An ICIJ probe finds that Panama-based Mossack Fonseca has helped many politicians and their families operate businesses in secrecy, offshore.

The Panama Papers: Politicians, Criminals, and the Rogue Industry That Hides Their Cash
ICIJ

In accordance with national laws and international agreements, firms such as Mossack Fonseca, which help establish companies and open bank accounts, are supposed to be wary of customers who may be involved in money laundering, tax evasion or other crimes. They are required to devote special attention to “politically exposed persons” — government officials or their families and business partners. If someone is a PEP, the agent setting up their companies must carefully look into their activities to make sure they are not linked to any acts of corruption.

Mossack Fonseca informed the International Consortium of Investigative Journalists that it follows a “policy and process legally prepared to identify and handle such cases including people or those close to them identified as politically exposed.”

Inside the Panama Papers ICIJ

Sometimes, however, it seems that Mossack Fonseca does not know its clients. An internal examination conducted in 2015 discovered that the firm was only privy to the owner identities of 204 out of 14,086 companies it has registered in the Seychelles, a tax shelter in the Indian Ocean.

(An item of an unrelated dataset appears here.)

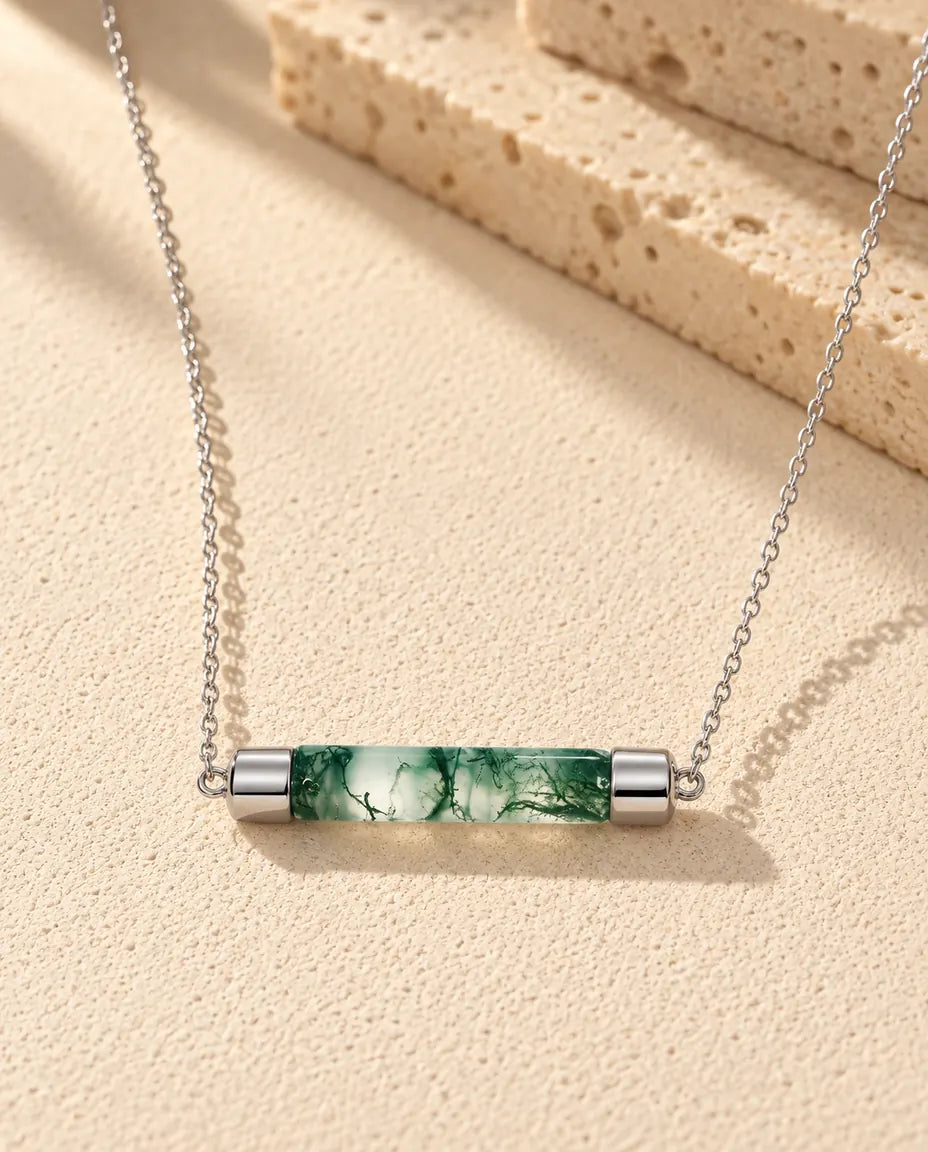 Mosagaat Ketting met Staafje in 925 Sterling Zilver - liggend op een licht gestructureerd oppervlak naast een blok travertijn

The authorities in the British Virgin Islands fined Mossack Fonseca $37,500 for violating laws against money laundering — it had registered a company in the name of former Egyptian President Hosni Mubarak’s son, but did not report its relationship to the two even after both father and son were charged with corruption in their country.

An internal examination carried out by a legal company concluded that “our formula for risk assessment is significantly defective.”

In total, the ICIJ probe of Mossack Fonseca’s files identified relationships with 58 relatives and friends of prime ministers, presidents or kings. The files show that Azerbaijan’s president, Ilham Aliyev, used companies and funds in Panama to hold onto gold mine stocks and London real estate. The offspring of Pakistani Prime Minister Nawaz Sharif own real estate in London via companies established by Mossack Fonseca.

Mossack Fonseca created companies in tax shelters for the families of at least eight permanent members of the Politburo, China’s supreme ruling body. One of them is President Xi Jinping’s son-in-law, who established two companies in the British Virgin Islands in 2009. 

Representatives of the leaders of Azerbaijan, Pakistan and China did not respond to requests for comment.

The list of leaders who used the services of Mossack Fonseca to set up companies in tax shelters includes the current president of Argentina, Mauricio Macri, who was director and vice president of a company in the Bahamas managed by Mossak Fonseca while he served as mayor of Buenos Aires.

Macri’s spokesman said that the president never personally held any stock in the company, which was part of his family’s businesses.

The documents show that during the bloodiest period after Russia invaded Ukraine’s Donbass region in 2014, representatives of Ukrainian President Petro Poroshenko, made feverish efforts to find a copy of a domestic services account to complete the paperwork for the establishment of a holding company in the British Virgin Islands.

A spokesman for Poroshenko said that the company’s establishment has nothing to do “with military or political events in Ukraine.”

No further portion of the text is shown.